At step 408, process 400 (e.g., using one or more components described above) receives a first recommendation indicating a computational-workflow environment. For example, the system may receive the first recommendation from the machine learning model indicating the second (e.g., other) computational-workflow environment to execute the first computational-workflow. For instance, the system may generate for display, via a graphical user interface, the first recommendation that indicates a recommended computational-workflow environment that should execute (or otherwise host) the computational-workflow. By doing so, the system may then provide to a user the recommended computational-workflow environment that is best suited to execute the computational-workflow.

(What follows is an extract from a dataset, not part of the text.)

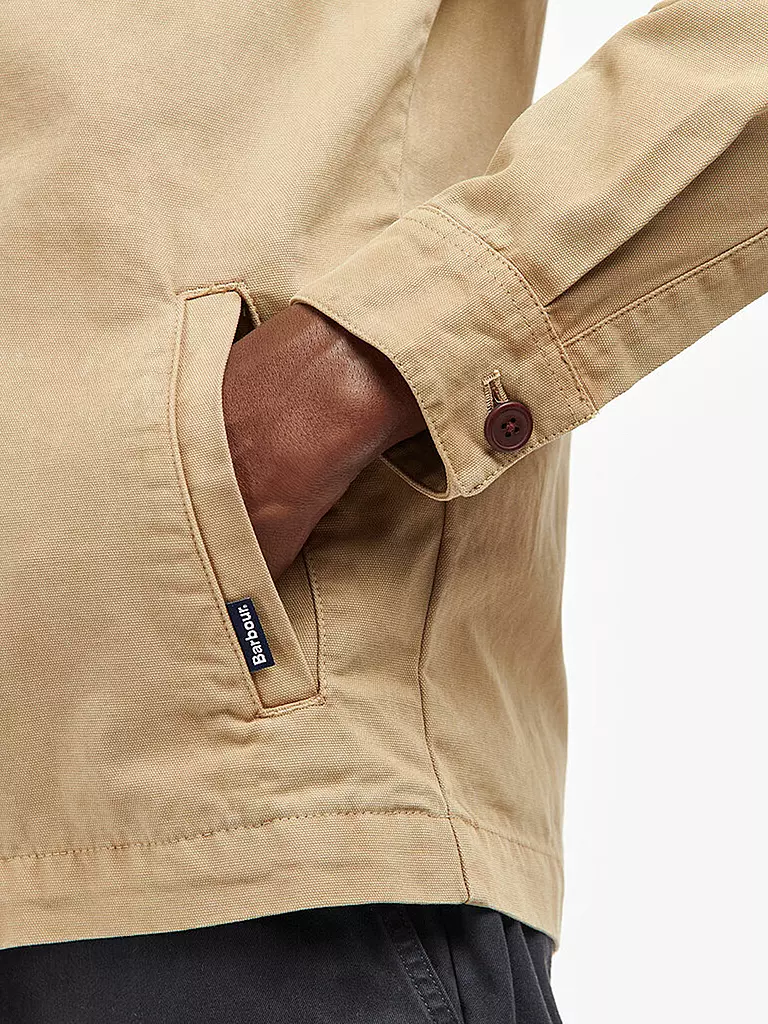 BARBOUR | Surchemise | beige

At step 410, process 400 (e.g., using one or more components described above) deploys the computational-workflow to the computational-workflow environment. For example, the system may deploy the first computational-workflow within the second computational-workflow environment. For instance, the system may provide the computational-workflow to the newly recommended computational-workflow environment to be deployed for use. As an example, the system may transmit the computational-workflow to an address associated with a computing system component (e.g., of FIG. 3) that may host the computational-workflow. For instance, the address may be an IP address, a web-server address, a URL, or other computer address that is configured to receive data. The system may package the computational-workflow and transmit the packaged computational-workflow to the computing system component hosting the recommended computational-workflow environment to execute the computational-workflow. In this way, for example, the system may deploy computational-workflows to disparate systems (e.g., to scale the computational-workflow, to redirect the computational-workflow, to transfer the computational-workflow) that are associated with the entity, thereby reducing computational-workflow downtime.
In some embodiments, the system can generate a computational-workflow. For example, the system can generate, based on a computing language associated with the second computational-workflow environment (e.g., the recommended computational-workflow environment that the computational-workflow is to be deployed to), a second computational-workflow that corresponds to the first computational-workflow (e.g., the original computational-workflow) that is configured to be executed within the second computational-workflow environment. For example, the system may extract a computing-language identifier associated with the second computational-workflow environment. For instance, as described above, each computational-workflow environment may be written in a given computing language (e.g., C++, Ruby, C#, Python, Java, etc.). For computational-workflows to properly execute within the computational-workflow environment, the computational-workflows must be written in a computing language that is the same as the computational-workflow environment in which the computational-workflow is to be deployed to. To reduce computational-workflow errors caused by incompatibility between computing languages of the workflow and the environment in which they execute, the system may generate a new version of the computational-workflow that is written in a computing language corresponding to the recommended computational-workflow environment.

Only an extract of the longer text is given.